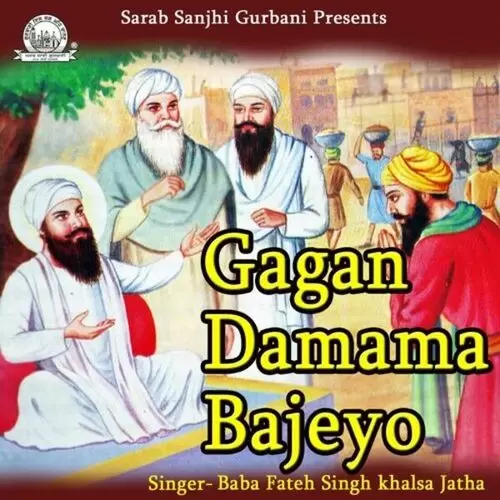 Sada Jai Bhaguti Baba Fateh Singh Khalsa Jatha Mp3 Download Song - Mr-Punjab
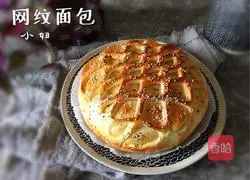 Illustration of how to make textured bread 18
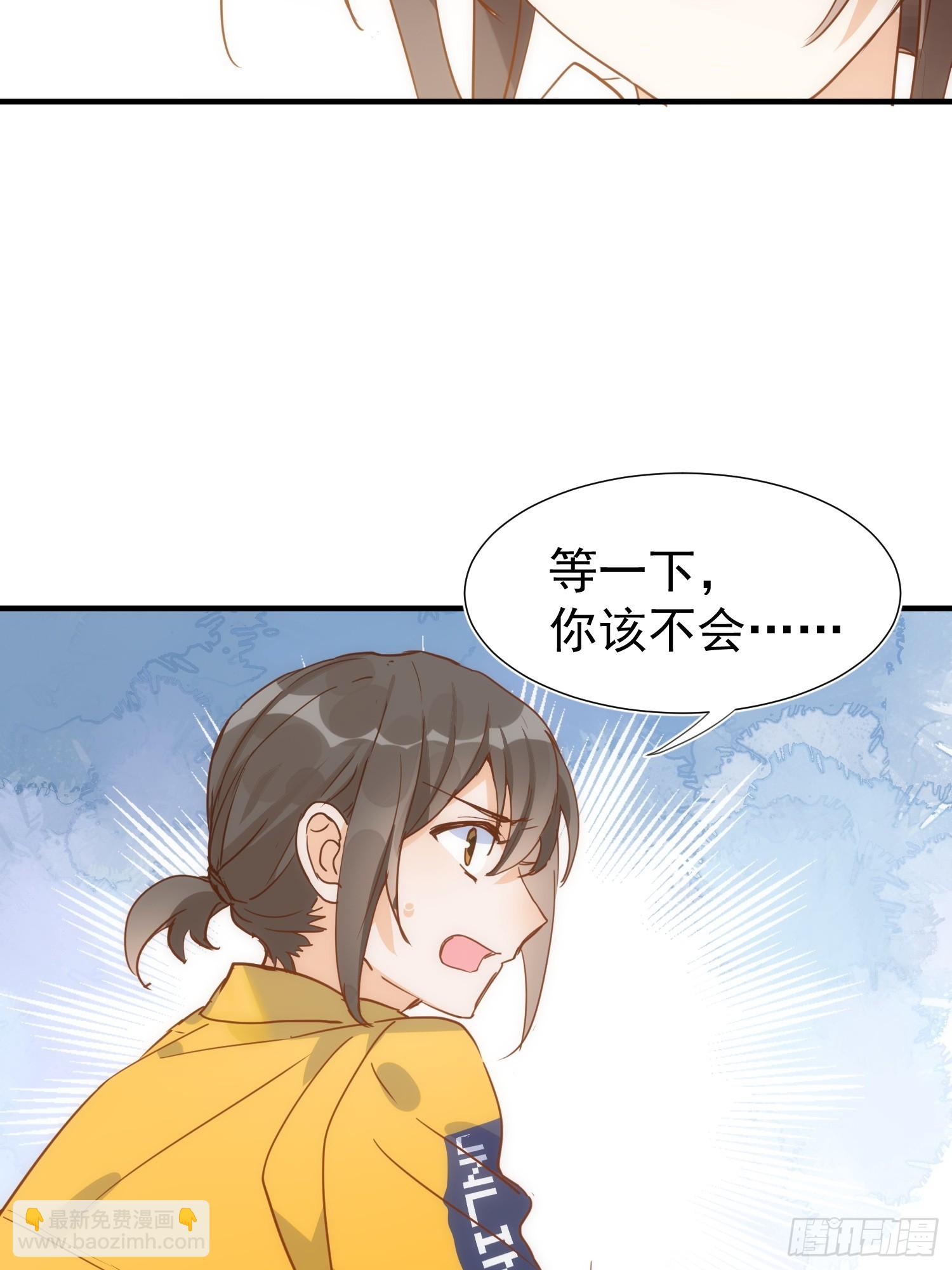 第73话23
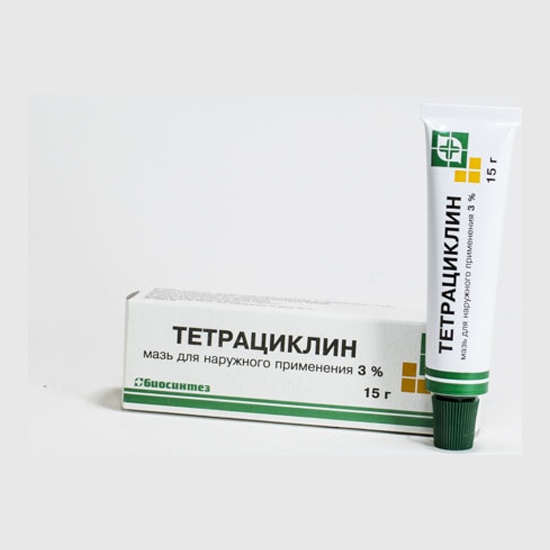 Тетрациклин мазь для наруж. прим. 3% 15г туба №1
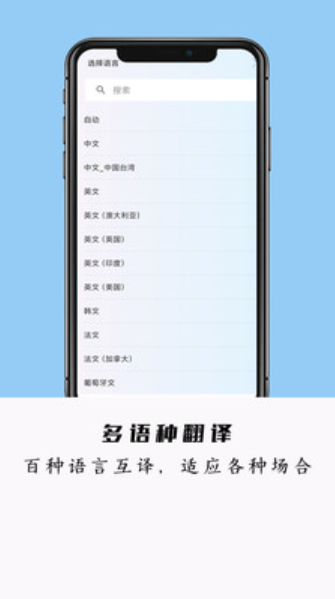 全能极速翻译截图(3)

+--

— What the exercise asks —
Drop the images and return the data verbatim.

— Answer section —
 Sada Jai Bhaguti Baba Fateh Singh Khalsa Jatha Mp3 Download Song - Mr-Punjab
 Illustration of how to make textured bread 18
 第73话23
 Тетрациклин мазь для наруж. прим. 3% 15г туба №1
 全能极速翻译截图(3)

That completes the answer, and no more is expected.